As of the closing date, the fair value of the Company’s investment in AvenCell was $62.9 million which represents the fair value of the preferred stock received in exchange for the exclusive license to the Company’s CRISPR/Cas9 allogeneic platform (See Note 9). In determining the fair value of the Company’s investment, the Company used an option pricing model which requires the input of certain subjective assumptions. The key assumptions used in the option pricing model, which are level 3 inputs, include the anticipated holding period to an exit and liquidity event, the volatility of market participants (76%), the probability of AvenCell achieving certain milestones to obtain subsequent financings (75%) and the discount for lack of marketability (11%).
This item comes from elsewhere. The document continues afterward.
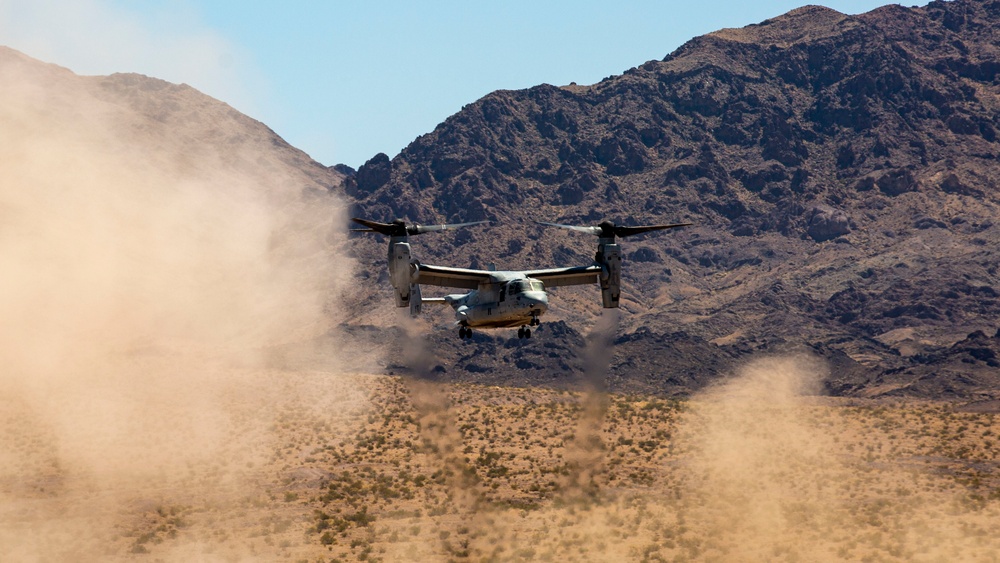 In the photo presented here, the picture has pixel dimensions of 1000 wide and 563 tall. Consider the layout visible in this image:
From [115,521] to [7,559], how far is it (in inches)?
299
The Company recorded the initial investment in AvenCell of $62.9 million in “Equity method investments” on its consolidated balance sheet. Due to the timing and availability of AvenCell's financial information, the Company is recording its share of losses from AvenCell on a quarterly basis on a one-quarter lag. Therefore, the Company recorded its share of twelve months of AvenCell’s losses generated in the fourth quarter of 2021 and the first three quarters of 2022 in the Company's operating results and other comprehensive loss for the year ended December 31, 2022, resulting in a reduction of the Company's investment by $14.3 million. The Company recorded its share of two months of AvenCell's losses generated in the third quarter of 2021 in the Company's operating results and other comprehensive loss in the fourth quarter of 2021, resulting in a reduction of the Company's investment by $1.8 million. The elimination of the intra-entity profit component of $11.4 million and $2.9 million for the years ended December 31, 2022 and 2021, respectively (See Note 9) resulted in a further reduction in the balance of the investment in AvenCell, bringing the carrying value of the investment to $32.5 million and $58.1 million as of December 31, 2022 and 2021, respectively. The Company is not aware of any material events or transactions during this period that would warrant additional disclosure or recognition in the financial statements.
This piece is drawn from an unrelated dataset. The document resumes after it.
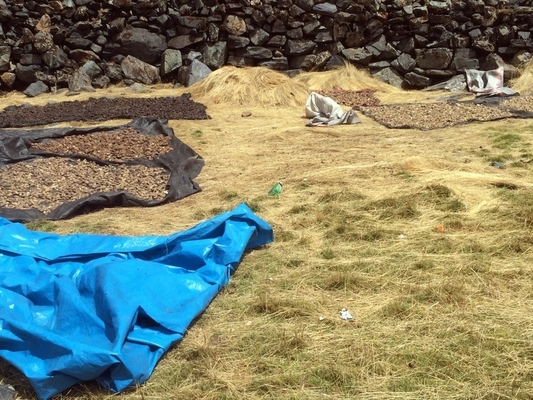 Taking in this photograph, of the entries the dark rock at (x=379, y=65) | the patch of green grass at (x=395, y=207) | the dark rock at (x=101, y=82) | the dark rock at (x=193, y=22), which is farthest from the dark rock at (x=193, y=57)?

At December 31, 2022, the maximum exposure to loss is limited to the Company’s equity investment in the joint venture.

 

SparingVision SAS

In connection with the SparingVision LCA (See Note 9), the Company received 83,316 shares of Series A2 Preferred Stock (“Series A2”). Attached to each share of Series A2, the Company received three warrants for the right to purchase additional Series A2 shares at designated prices that are subject to certain vesting conditions (collectively referred to as the “SparingVision investments”). The Company accounts for the SparingVision investments using the measurement alternative as SparingVision is a private company and there is no readily observable transaction price. In determining the fair value of the SparingVision investments, the Company used an option pricing model which requires the input of certain subjective assumptions. The key assumptions used in the option pricing model, which are level 3 inputs, include the anticipated holding period to an exit and liquidity event, the volatility of market participants (90%), and the rate of return (65%). The Company recorded the initial investment in SparingVision of $14.8 million in “Investments and other assets” on its consolidated balance sheet. There was no change in the observable price or impairment of the SparingVision investment as of December 31, 2022 or 2021.

 

Kyverna Therapeutics, Inc.

In connection with the Kyverna LCA (See Note 9), the Company received 3,739,515 shares of Series B Preferred Stock with a fair value of $7.0 million. The Company separately made an additional investment in Kyverna, purchasing 1,602,649 shares of Series B Preferred Stock in exchange for $3.0 million in cash (collectively referred to as the “Kyverna investment”). The Company accounts for the Kyverna investment using the measurement alternative as Kyverna is a private company and there is no readily observable transaction price. The Company recorded the initial investment in Kyverna of $10.0 million in “Investments and other assets” on its consolidated balance sheet. There was no change in the observable price or impairment of the Kyverna investment as of December 31, 2022 or 2021.